Patrick Casse reconnu coupable de harcèlement moral

Un an de prison avec sursis, trois ans inéligibilité et 5 000 euros d’amende. Le tribunal judiciaire de Marseille a condamné mardi, Patrick Casse, cadre retraité des bibliothèques de Marseille et délégué du puissant syndicat Force ouvrière. L’homme était accusé de harcèlement moral par Patrick Chagny, directeur du réseau de la ville 2019 et 2023. 17 parties civiles s’étaient constituées à l’occasion de ce procès ayant donné lieu à une audience fleuve de 14 heures, début novembre. Quatre seulement ont été jugées recevables, dont le syndicat CGT qui n’avait pas formulé de demande indemnitaire.

Dans cette condamnation qui n’est pas celle de la cogestion des bibliothèques et des ressources humaines par le syndicat et la Ville, notera le présidente du tribunal, Patrick Casse a été relaxé sur le plan de l’abus de pouvoir.
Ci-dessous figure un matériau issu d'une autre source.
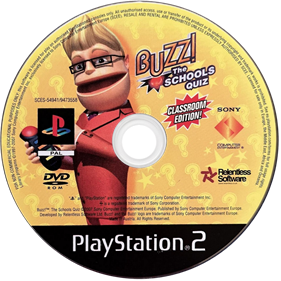 Buzz!: The Schools Quiz - Disc Image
Le magistrat a considéré que cet élément n’était pas établi par des comparaisons statistiques.

Cela concerne notamment Raymond Romano, délégué CGT, qui estimait son avancement de carrière à l’arrêt en raison de son opposition syndicale. Si de nombreux faits ont été écartés car situés en dehors de la période de prévention, Patrick Casse est condamné pour ses ingérences dans d’autres services, dont le service jeunesse et pour son comportement inadapté dans le cadre de relations de travail, en lien avec trois agents de l’Alcazar.

Le tribunal considère en revanche que l’opposition à Patrick Chagny pouvait être perçue comme étant lié à ses fonctions syndicales et que la liberté syndicale lui permettait donc certains comportements. Déclarée recevable, la constitution en partie civile de Patrick Chagny a été rejetée à l’état de la relaxe, comme celle de Raymond Romano.